Wieści z klubu w czasie epidemii
Pytacie nas, co dzieje się obecnie w klubie, dlatego postanowiliśmy rzucić co nieco światła. W obecnej sytuacji życie klubowe Narwi ogranicza się do działań zarządu mających na celu przetrwanie klubu po okresie przymusowej bezczynności. Piłkarze nie trenują, wcześniej otrzymywali zadania treningowe od trenera przygotowania fizycznego Michała Lelujki.
Wszyscy zastanawiamy się, co będzie dalej – najnowsze informacje są takie, że każdy z wojewódzkich związków będzie musiał zadecydować, w jaki sposób zakończy sezon 2019/2020, jeśli jego zakończenie będzie możliwe. Dolnośląski ZPN wyszedł z inicjatywą, by podzielić tabele ligowe na grupy „mistrzowskie” i „spadkowe” i w ich ramach rozegrać krótszą rundę systemem każdy z każdym. Opcja ta jest mocno lansowana pośród związków. Drugim możliwym wariantem jest zakończenie rozgrywek z zachowaniem tabel końcowych po rundzie jesiennej i tak przeprowadzenie awansów i spadków.
Być może pojawi się też inna opcja, ale im dalej zabrniemy w sytuacji zawieszenia, tym bardziej realne będzie zamknięcie sezonu po jednej rundzie. Mecze zostały oficjalnie zawieszone przez PZPN do 26 kwietnia, co przy przedłużeniu stanu epidemii do świąt wielkanocnych, daje pewną nadzieję, że może uda się jeszcze pograć w tym sezonie. Wówczas trzeba byłoby rozpocząć na nowo przygotowania do rundy tuż po świętach, aby móc mecze grać już of 2 maja. Liczba wolnych terminów nie pozwoli jednak na rozegranie wszystkich spotkań, chyba że dojdzie do wydłużenia ligi do końca… lipca?
Tymczasem trwa już lekka kampania przed wyborami nowych władz Mazowieckiego ZPN. Wieloletni prezes Zdzisław Łazarczyk ogłosił, że nie będzie już kandydował a na stronie internetowej MZPN pojawił się komunikat, że w wyborach wystartować ma wielokrotny reprezentant Polski, Michał Żewłakow. Wiosną Żewłakow anonsowany był też do… gry w zespole KTS Weszło Warszawa. Nie jest znany jeszcze kontrkandydat znanego obrońcy, lecz wiele wskazuje na to, że od sposobu rozwiązania sytuacji kryzysowej zależeć może, na jakie poparcie liczyć może Żewłakow.
Co będzie dalej, czas pokaże.
A jaki jest realny czas potrzebny na ponowne przygotowania jesli wladze pozwola wrocic do treningu kolo 10 maja?
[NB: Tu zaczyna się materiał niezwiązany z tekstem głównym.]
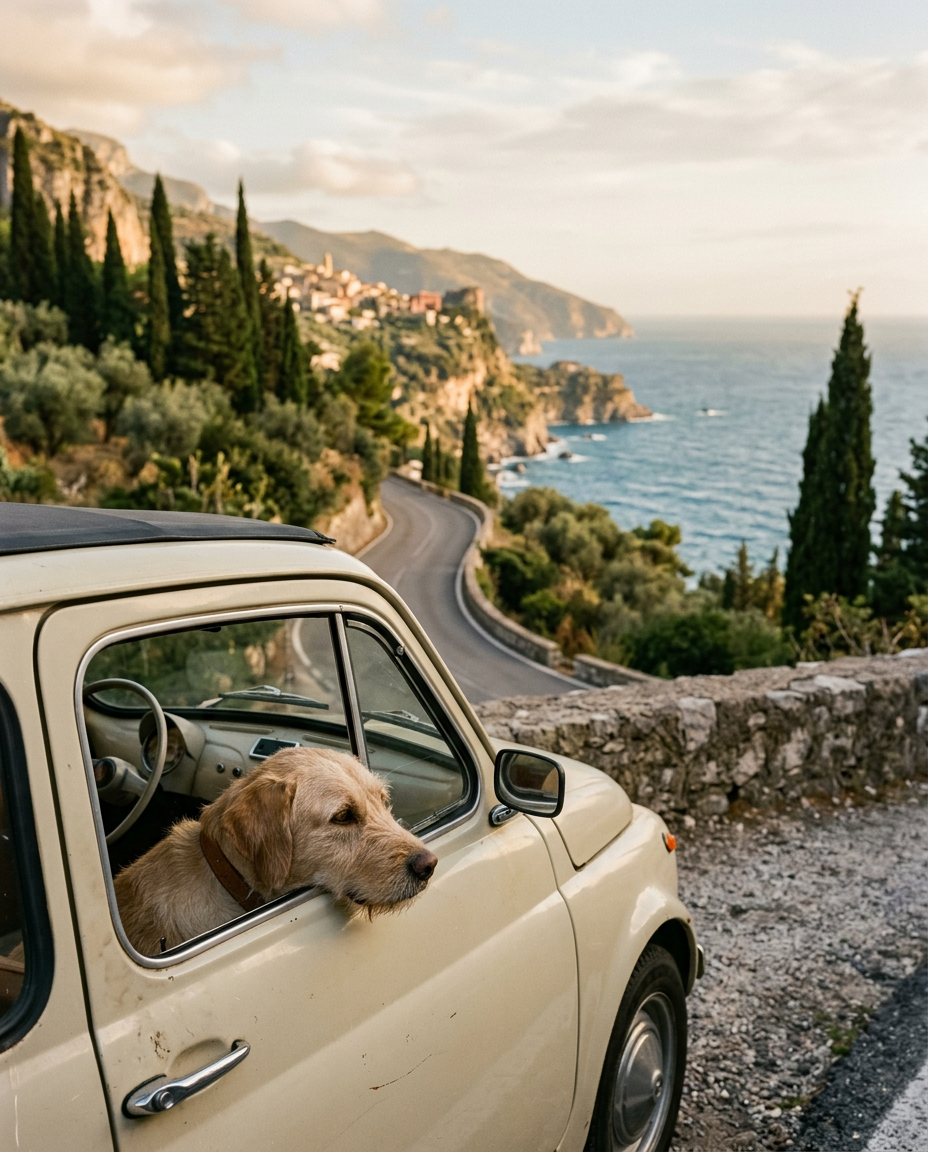 A sand-coloured dog resting its head on the open window of a cream car on a coastal road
Liga musialaby ruszac w czerwcu…, to nie realne
Jest możliwość że treningi ruszyłyby w kwietniu, wtedy jest realna gra w maju.
Bardzo dobrą opcją jest podział ligi na dwie grupy. Do zagrania by było 7 kolejek. Nawet gdyby liga rozpoczęłaby się w połowie maja to do końca czerwca zakończyłyby się rozgrywki łącznie z ewentualnymi dwoma meczami barażowymi. Ale wtedy potrzeba przynajmniej jednej środy. Mini przygotowania do ligi rozpoczęłyby się pod koniec kwietnia. Czyli praktycznie 3 tygodnie na przygotowania.
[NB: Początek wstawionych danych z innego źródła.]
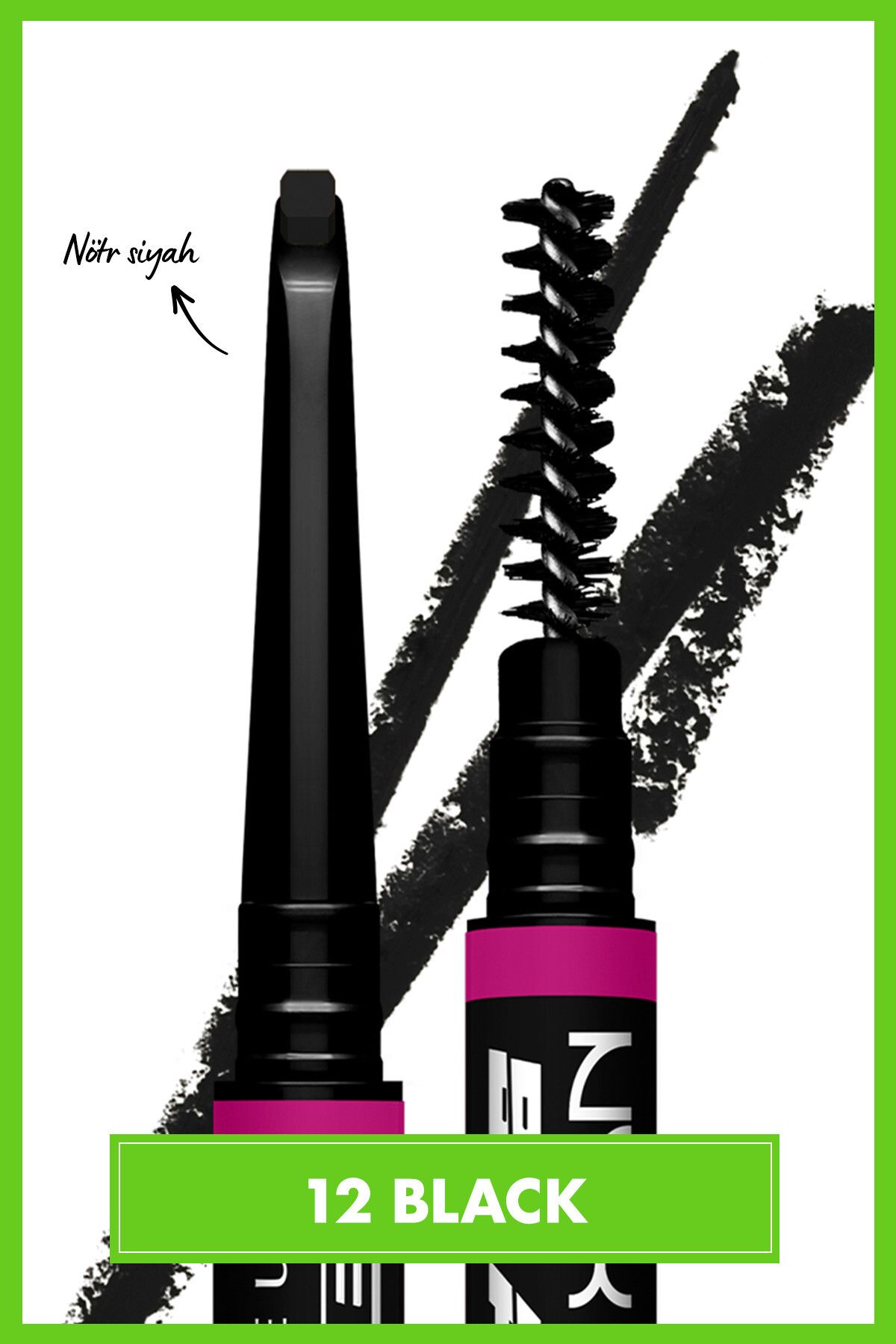 مداد ابرو Blade N Shade - 12 مشکی NYX Professional Makeup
Bonie mówi co cytuje strona legionisci.com że jest bardzo mała szansa na dokończenie tego sezonu a oni raczej myślą już nad następnym. Jedyne co to założenie kończenie rozgrywek pucharu polski.
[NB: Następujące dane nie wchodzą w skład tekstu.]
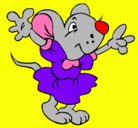 Dibujo Rata con vestido pintado por denis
Z drugiej strony jest to w jakiś sposób wymierna ocena gdy każdy z każdym i tak zagrał po razie a przyczyna losowa sprawiła że po drugim już nie można było.
To prawda że w przypadku braku możliwości rozegrania wiosny, Narew awansuje do IV ligi
A dlaczego Pan redaktor nie wstawia wszystkich wpisów? Można wiedzieć? Napisałem coś nie tak?
Nie loguję się codziennie w tych warunkach. Już dodany 🙂
W Belgii juz sezon zakończony. Myśle że decyzja u nas zapadnie szybciej niz to się wydaje.